Kepala Bagian Kesejahteraan Rakyat (Kesra) Kota Makassar sekaligus anggota Panitia Seleksi, M. Syarief, menegaskan bahwa kesempatan ini terbuka luas bagi masyarakat umum yang memenuhi kriteria. “Kami mengundang seluruh masyarakat yang memiliki kompetensi dan memenuhi persyaratan untuk berpartisipasi dalam seleksi pimpinan BAZNAS Kota Makassar,” ujarnya, Selasa (31/3/2026).

Persyaratan Calon Komisioner

Beberapa syarat utama yang ditetapkan antara lain:

– Warga Negara Indonesia, beragama Islam, bertakwa, dan berakhlak mulia.

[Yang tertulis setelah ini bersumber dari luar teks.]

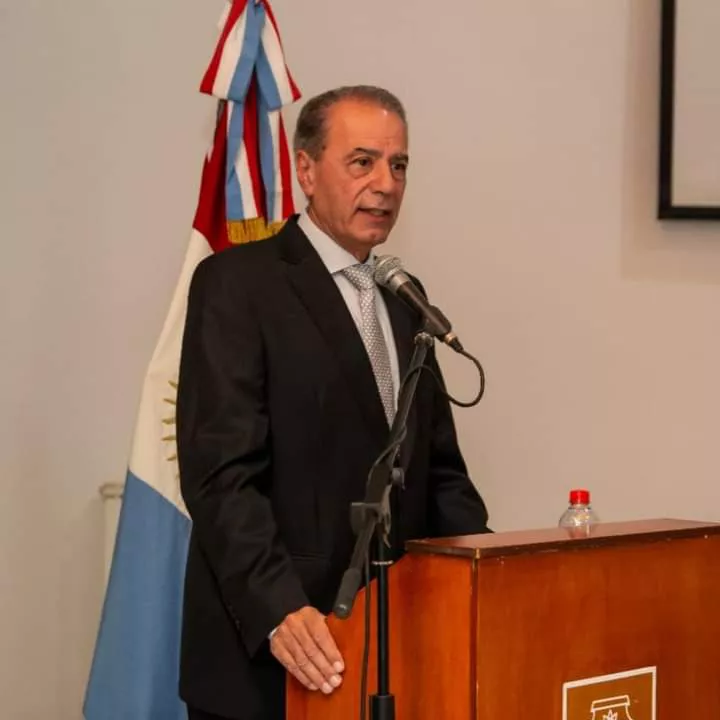 Oscar Santarelli anuncio que se abren las inscripciones para el.colegio a construirse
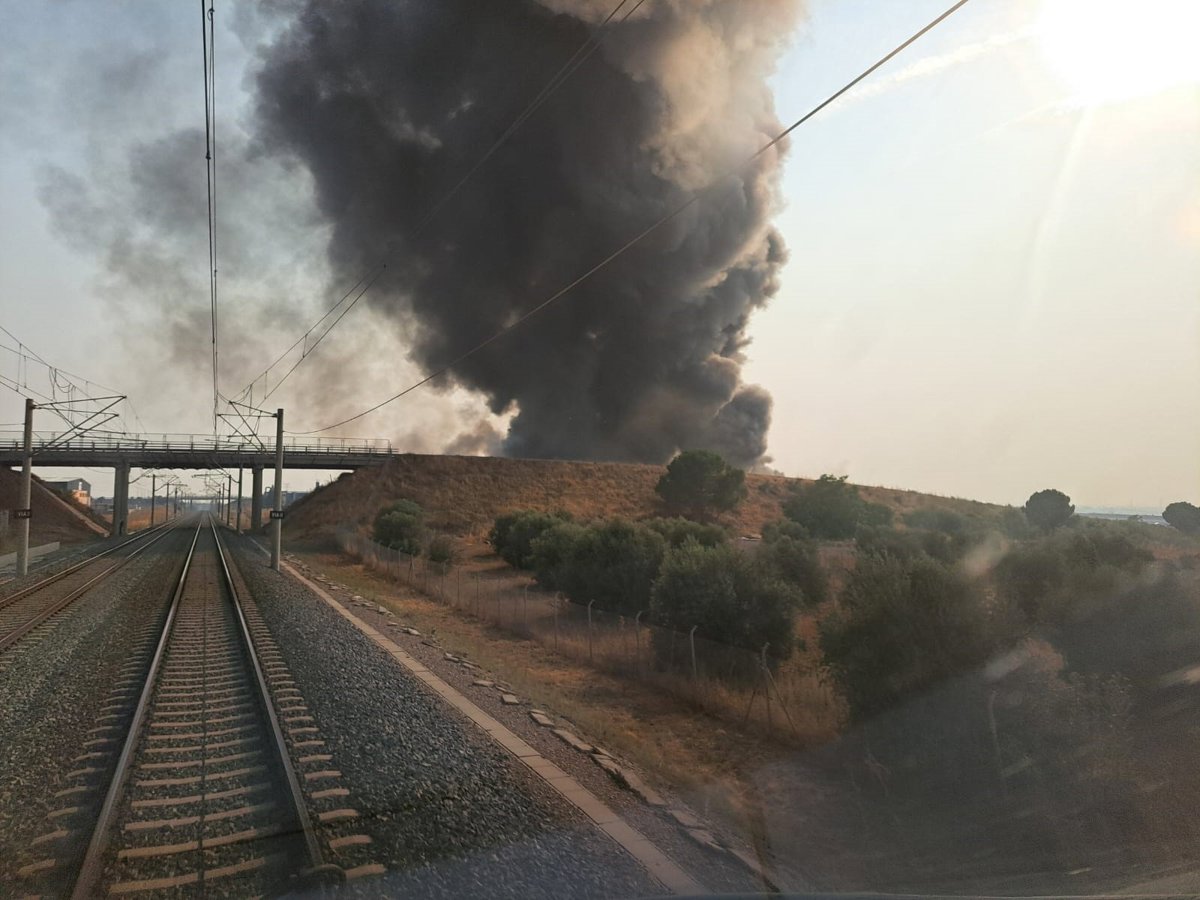Suspendida la circulación de trenes entre Yeles y La Sagra por un incendio de una fábrica cercana a la vía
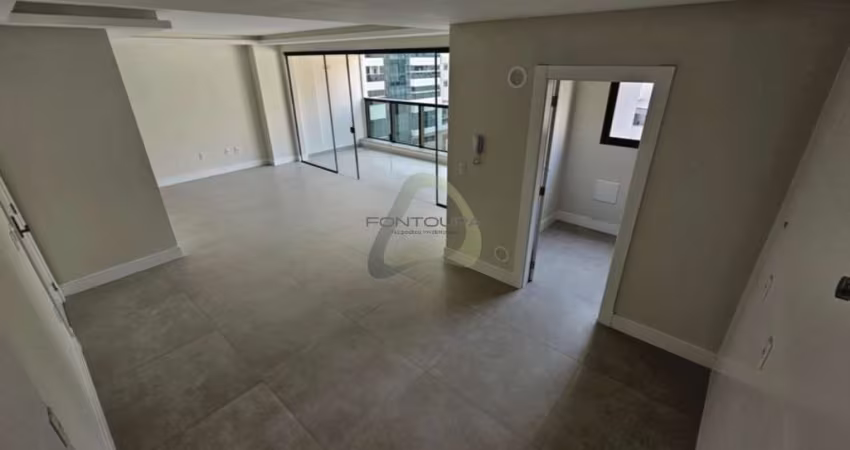 Apartamento com 3 quartos à venda na Rua 240, 360, Meia Praia, Itapema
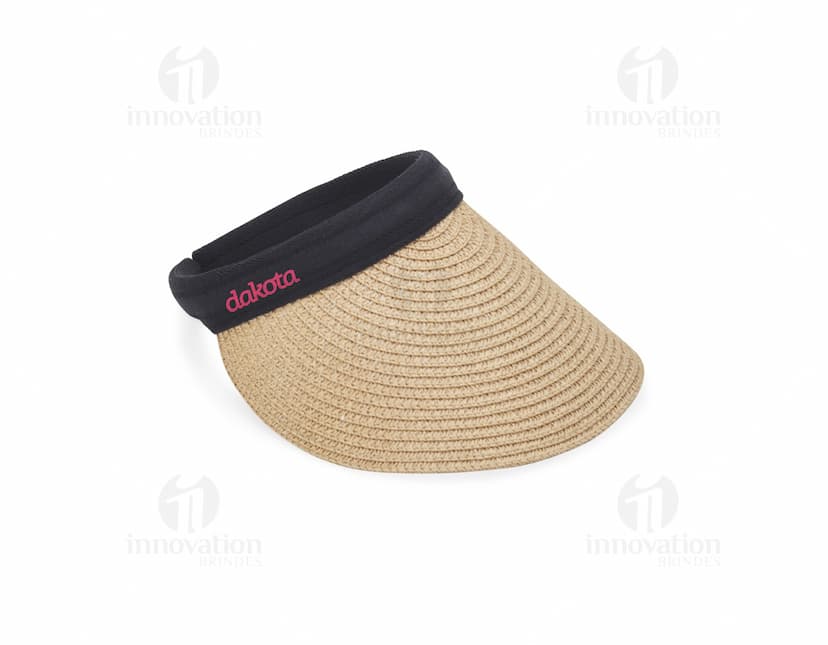 Viseira de palha em tom claro, com aba larga e ajuste de elástico atrás. Ideal para proteção contra o sol durante passeios ao ar livre.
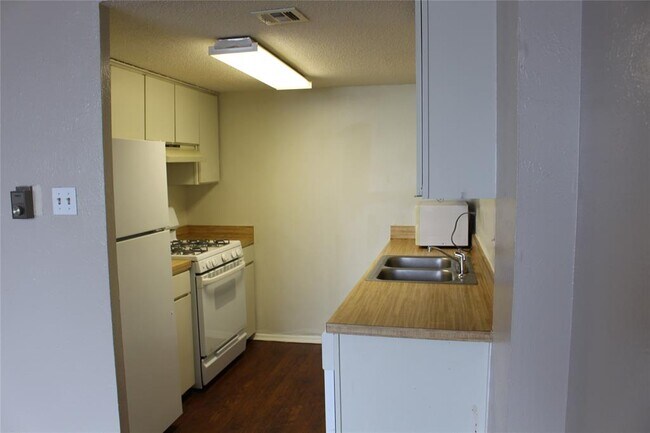Building Photo - 1800 Lavaca St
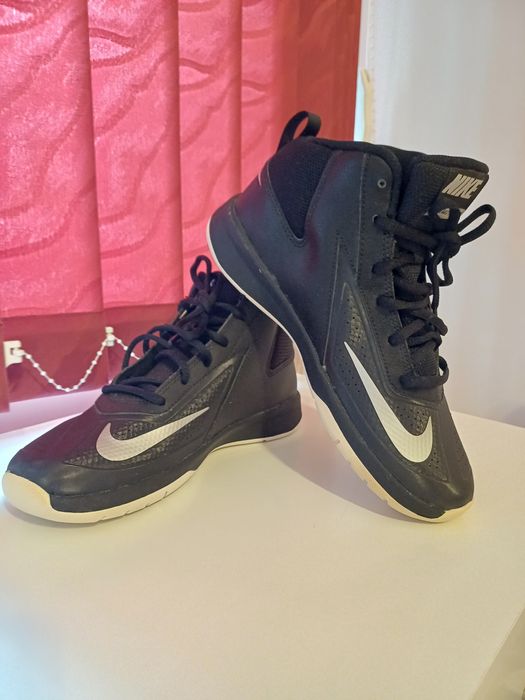 Нови маратонки Nike - номер37,5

– Usia minimal 40 tahun, sehat jasmani dan rohani.

– Tidak menjadi anggota partai politik maupun terlibat dalam politik praktis.

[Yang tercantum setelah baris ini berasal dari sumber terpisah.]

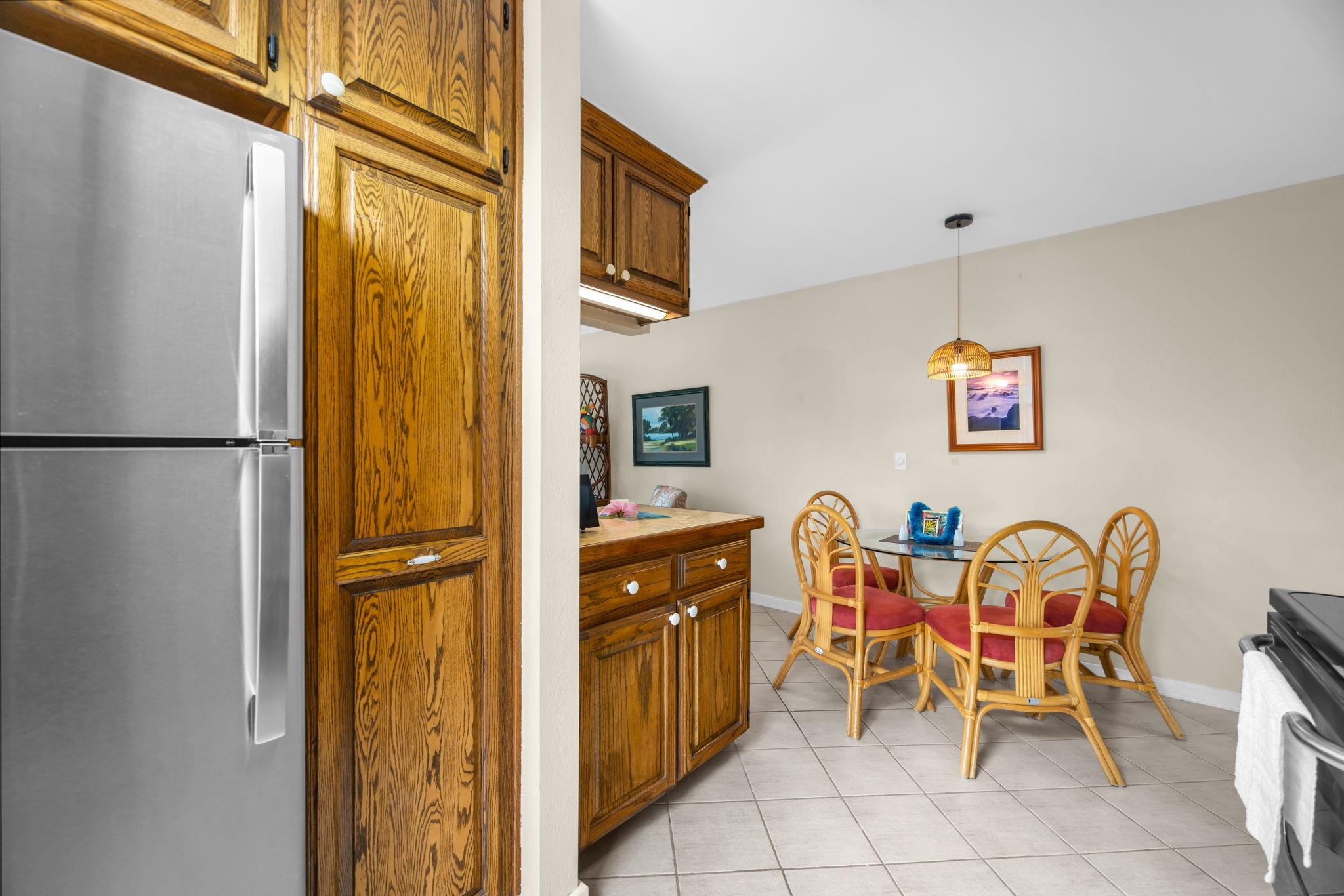 4057 Lower Honoapiilani Road, Unit 116 Lahaina, HI 96761 - Photo 4 of 38 a dining room with furniture and window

– Memiliki kompetensi di bidang pengelolaan zakat serta bersedia bekerja penuh waktu.

– Tidak pernah terlibat tindak pidana berat dan tidak merangkap jabatan di lembaga zakat lain.

– Pendidikan terakhir minimal SMA/sederajat.

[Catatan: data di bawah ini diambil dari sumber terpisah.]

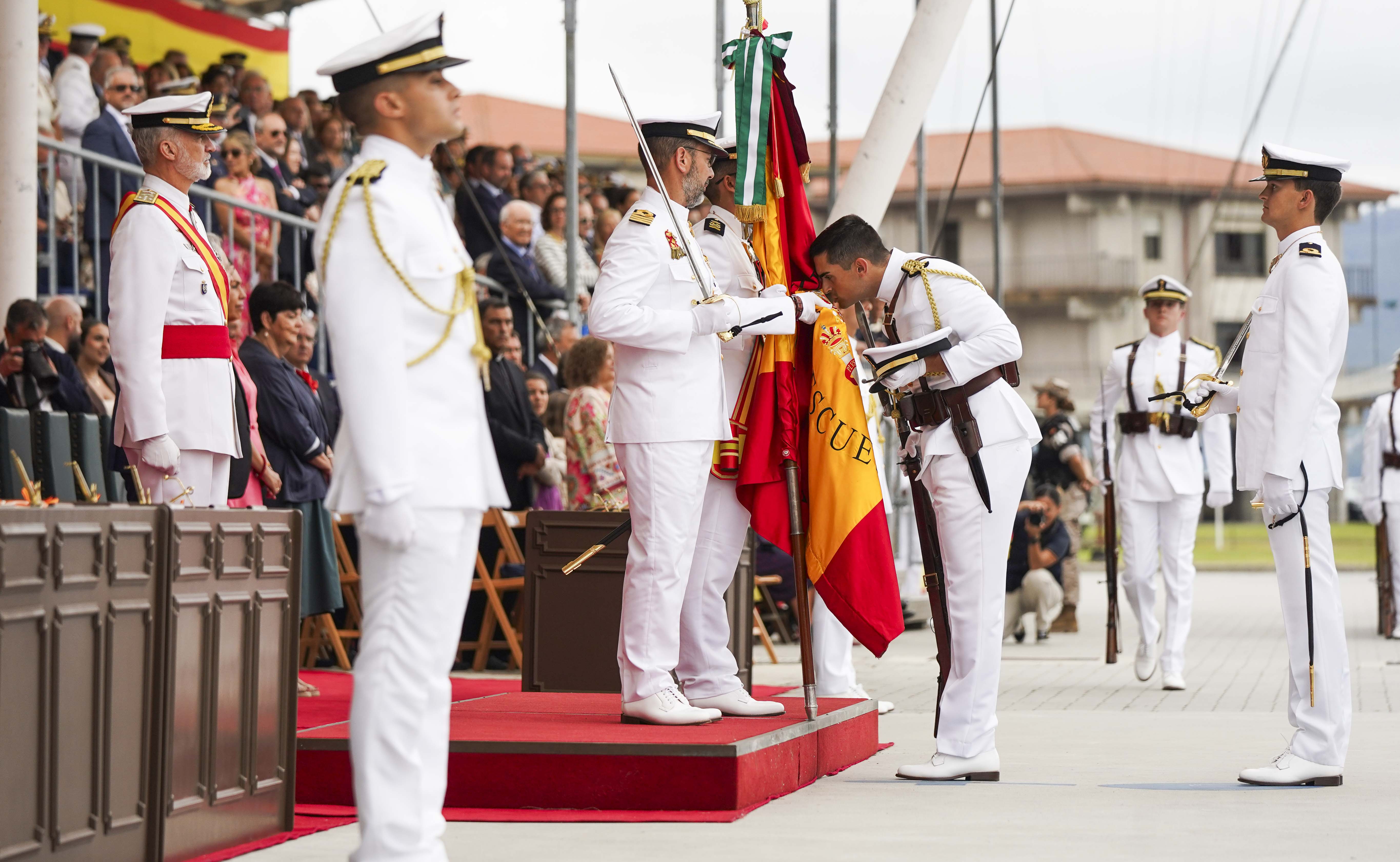 Entrega de reales despachos a los nuevos oficiales de la Armada Entrega de reales despachos a los nuevos oficiales de la Armada
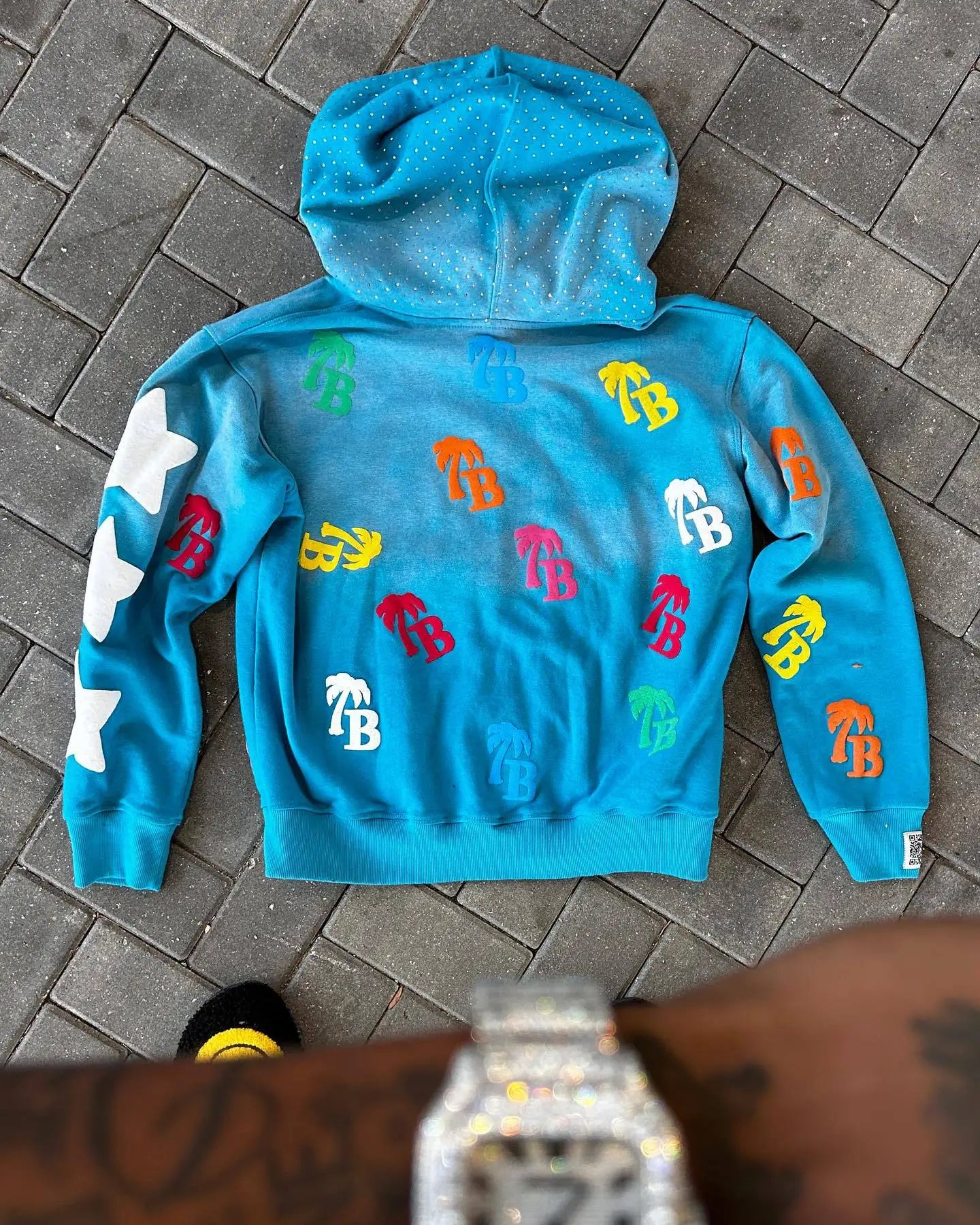 Y2K super trendy comfortable zip- hoodie unisexy😊💕🙌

Khusus bagi Aparatur Sipil Negara (ASN), tetap diperbolehkan mendaftar dengan syarat bersedia diberhentikan sementara sesuai ketentuan.

Mekanisme Pendaftaran

Pendaftaran dapat dilakukan secara daring melalui situs resmi simzat.kemenag.go.id atau dengan memindai barcode yang disediakan. Selain itu, masyarakat juga bisa menyerahkan berkas langsung ke Bagian Kesra Kota Makassar.

Tahapan Seleksi

– 12–13 April 2026: Pemeriksaan administrasi

– 18–19 April 2026: Ujian tertulis berbasis CAT

– 19–20 April 2026: Wawancara

– 23–25 April 2026: Pengumuman hasil seleksi

Tim seleksi terdiri dari unsur Pemkot Makassar, Kementerian Agama Kota Makassar, serta kalangan akademisi. Dari seluruh peserta yang lolos, panitia bersama Pemkot akan mengusulkan maksimal 10 nama calon pimpinan kepada BAZNAS Republik Indonesia untuk proses penetapan akhir.

Syarief menambahkan, pimpinan BAZNAS yang saat ini menjabat masih memiliki peluang untuk kembali mendaftar, mengingat baru menjalani satu periode. “Seluruh hasil seleksi akan kami konsultasikan kepada Wali Kota Makassar selaku pembina,” tuturnya.